Tidy little 8 pin package too. Thanks for pointing that one out Todd


Just seriously trying to be funny, but What year is this?
And in what year did we have transcontinental and transoceanic TELEGRAPH and TELEPHONE cable. I'll guess late 1800s.
How long is a transoceanic cable, and guess how much data it could handle.
How do you fail to send signals WITH WIRE further than you can walk in 5 minutes?
Cheap toy walkie-talkies do that without a wire, yeah, some of those $5 a pair, 49 Mhz, 1 milliwatt ones.
Cable TV wire has bandwidth of between 200MHz and 1GHz just for analog TV channels... and HOW LONG IS THE WIRE?
If I2C is so bad, why did they invent it?
You can send way over 120,000 bits WORDS a minute in Morse Code with Spin and as much wire as you can get.

Other things that actually work incredibly much better than you think I2C does:
2 cans and a string.
2 funnels (horns) and a hose.
2 transistor-radio speakers on the ends of a wire.

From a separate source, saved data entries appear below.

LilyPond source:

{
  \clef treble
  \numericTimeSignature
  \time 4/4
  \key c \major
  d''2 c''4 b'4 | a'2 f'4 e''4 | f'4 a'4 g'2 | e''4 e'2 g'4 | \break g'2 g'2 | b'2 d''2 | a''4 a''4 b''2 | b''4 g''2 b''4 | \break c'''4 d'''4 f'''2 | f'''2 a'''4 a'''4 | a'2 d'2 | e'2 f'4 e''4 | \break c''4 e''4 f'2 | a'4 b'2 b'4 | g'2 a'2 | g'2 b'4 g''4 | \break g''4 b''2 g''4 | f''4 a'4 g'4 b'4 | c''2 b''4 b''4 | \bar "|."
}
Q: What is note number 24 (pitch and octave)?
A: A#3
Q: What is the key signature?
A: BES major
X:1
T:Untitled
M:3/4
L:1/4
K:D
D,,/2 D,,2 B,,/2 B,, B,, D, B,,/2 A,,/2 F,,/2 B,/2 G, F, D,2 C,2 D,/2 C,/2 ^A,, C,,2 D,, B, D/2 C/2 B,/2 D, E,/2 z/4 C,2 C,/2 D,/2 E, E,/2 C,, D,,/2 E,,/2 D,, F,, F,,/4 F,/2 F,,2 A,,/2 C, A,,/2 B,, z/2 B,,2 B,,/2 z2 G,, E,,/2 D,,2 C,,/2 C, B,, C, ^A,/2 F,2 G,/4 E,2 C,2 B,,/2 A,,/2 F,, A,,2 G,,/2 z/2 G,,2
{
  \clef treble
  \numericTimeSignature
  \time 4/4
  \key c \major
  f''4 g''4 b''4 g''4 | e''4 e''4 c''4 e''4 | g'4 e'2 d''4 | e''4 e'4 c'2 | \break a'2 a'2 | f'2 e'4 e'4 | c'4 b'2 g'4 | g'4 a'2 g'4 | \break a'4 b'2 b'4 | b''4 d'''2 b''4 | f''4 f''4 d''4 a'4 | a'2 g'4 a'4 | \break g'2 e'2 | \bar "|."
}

What happened to your I2C when you used long wires and why would there be a problem?
Uh-Oh! The wires might pick up EMPs from lightning and local radio stations and cell phones and zap the Propeller.
Why not use optocouplers? Or shielded wires? Or Fiber Optics? Or Wireless? ...

Post Edited (VIRAND) : 12/16/2009 11:22:29 AM GMT

evanh
12-16-2009, 09:53 PM
That is tunnel for I2C. I2C has no chance at all of covering that sort of range. It's only intended for a metre or two. Same for USB.

Tracy Allen
12-17-2009, 12:58 AM
Isolation is not the same as distance, but distance sometimes translates into concern about ESD. Isolation circuits using opto-couplers can be complicated (=parts and board real estate) and have subtle glitch and speed issues. The article, "optoisolation.pdf", that deMayo posted above shows what is involved to address the issues. A single chip solution for I2C bus isolatiion is the ADuM2250 or ADuM2251, and I'm in the process of building it into an ADC interface for agricultural sensors. I wonder if anyone has leads on other isolated ADC interfaces?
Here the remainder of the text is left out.